Wall-E

Much has been made in recent years about the ubiquity of screens and the negative effect they have on our lives. «Wall-E» takes this concept to an extreme as the passengers aboard the Axiom are never without a screen to look at. They zoom around the starship on hover chairs, a holo screen blocking their view of the world at large. When Wall-E inadvertently breaks two passengers out of their tech-coma, both are surprised to discover the ship has a pool.
All satire is a bit far-fetched, but in stretching to get a laugh «Wall-E» quietly comments on how often we serve technology instead of the other way around. Captain McCrea is purportedly in charge but is undercut and overruled by Auto, the ship’s AI, at every turn. When McCrea finally decides not to acquiesce to Auto’s demands, the AI locks the captain in his chambers.
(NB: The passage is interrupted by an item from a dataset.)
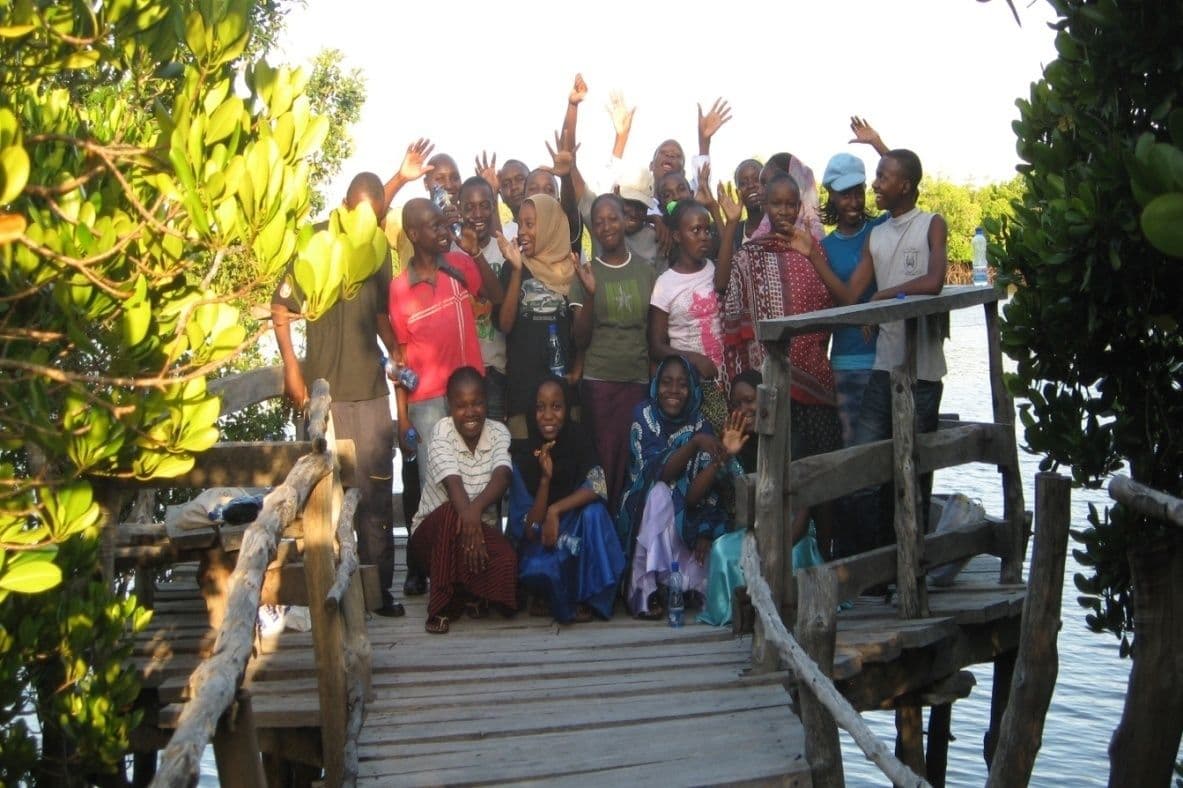Standard 8 graduates waving on a wooden boardwalk among mangrove trees by the water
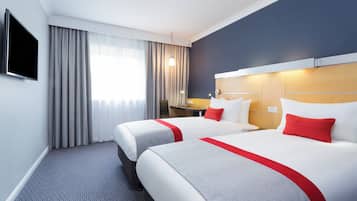 A hotel room with two beds, a flat-screen TV, a desk, and a window with curtains.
Only with this mutiny does McCrea recognize how much control he has handed over to the AI. This awakening mirrors what slowly happens across the Axiom as the passengers awake to how much of life they’ve been missing out on.
Shortly after Wall-E arrives on the Axiom, we get a glimpse of Captain McCrea’s personal quarters. Holograms of previous captains are projected on the wall. As the camera pans by, the obvious thing to note is just how much fatter each successive captain has gotten. However, the observant viewer learns an interesting tidbit that otherwise goes unnoted. The Axiom captains are all very long-lived. Their average years of service are 131 years, and that’s just time served!
Since we’re on the subject, let’s talk about those shakes. After Captain McCrea takes his position on the Axiom’s bridge, the computer runs through status updates on all of the ship’s major systems. Amid the sorts of stuff you’d expect — mechanical systems, reactor core, life support — there is one update that stands out because it is so wildly different: Regenerative food buffet. What?!
After Captain McCrea gets his morning status updates from the ship’s computer, he is alarmed to discover it’s already 12:30. He missed giving the morning announcements, which is the highlight of his otherwise boring day. It’s a problem McCrea solves for himself as he turns a time dial back three hours, to 9:30. This causes the artificial sun to change position in the sky and the lunch slurries to swap out for breakfast slushies. Those are the only material changes. Otherwise, life continues on as it was, as though time itself doesn’t actually matter.